December 6th, 2011 | Published in Ball Reviews
53 Hook 15 Length 16 Breakpoint Shape
Core Design: This ball’s Full-Swing asymmetric core configuration supplies a medium-low RG of 2.51, a strong Diff of .056 and a versatile mass bias strength of .015. We found this core can create nearly 6” of track flare with aggressive layouts using weight holes positioned 3” or more from a bowler’s PAP.
Coverstock: The Super Tilt 2.0 coverstock formula handles moderate amounts of oil with aplomb and finishes with a quick, strong move off drier boards. It has a versatile medium to medium-heavy oil volume cover with enhanced angularity downlane. Colors are a fusion of black and crimson and comes in 800, 1k, 2k and 4k grits.
Manufacturer’s Intent: Says Bugsy Kelly, Columbia Brand Manager, “The Ransom Demand was designed to give bowlers more performance at the upper mid-performance level. Plus, we are donating a portion of the proceeds from each ball to four great bowling charities.
Test Results: The core shape and quick-responding cover formula join forces to create easy push and a strong arc/flip motion. We compared the Ransom Demand directly to the new Eruption (July 2011) and a World Beater (Feb. ‘11). You’ll be happy to know there is zero overlap among these most recent Columbia releases. The World Beater is their best on heavier oil, with its strong midlane motion. The Eruption was great on light to medium volumes with its skid/flip motion. The Ransom Demand fits sweetly between as it handles oil better than the Eruption, yet has more length and backend than the World Beater. Many women bowling in the 2011 Women’s U.S. Open used this ball and the new Eruption as deeper inside angles were the norm all week.

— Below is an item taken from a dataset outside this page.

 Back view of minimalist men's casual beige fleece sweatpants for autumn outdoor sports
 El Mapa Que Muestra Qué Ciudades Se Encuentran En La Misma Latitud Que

When to Use: The ball gave us our best match-ups on the medium volume house or Sport shots. Its inherent long and strong motion characteristics played best when we opened up our launch angles and played inside the oil line. Drier patterns should be considered only by those who possess higher speed-to-rev ratios as the Ransom Demand is extremely angular when it sniffs dry areas on the lane.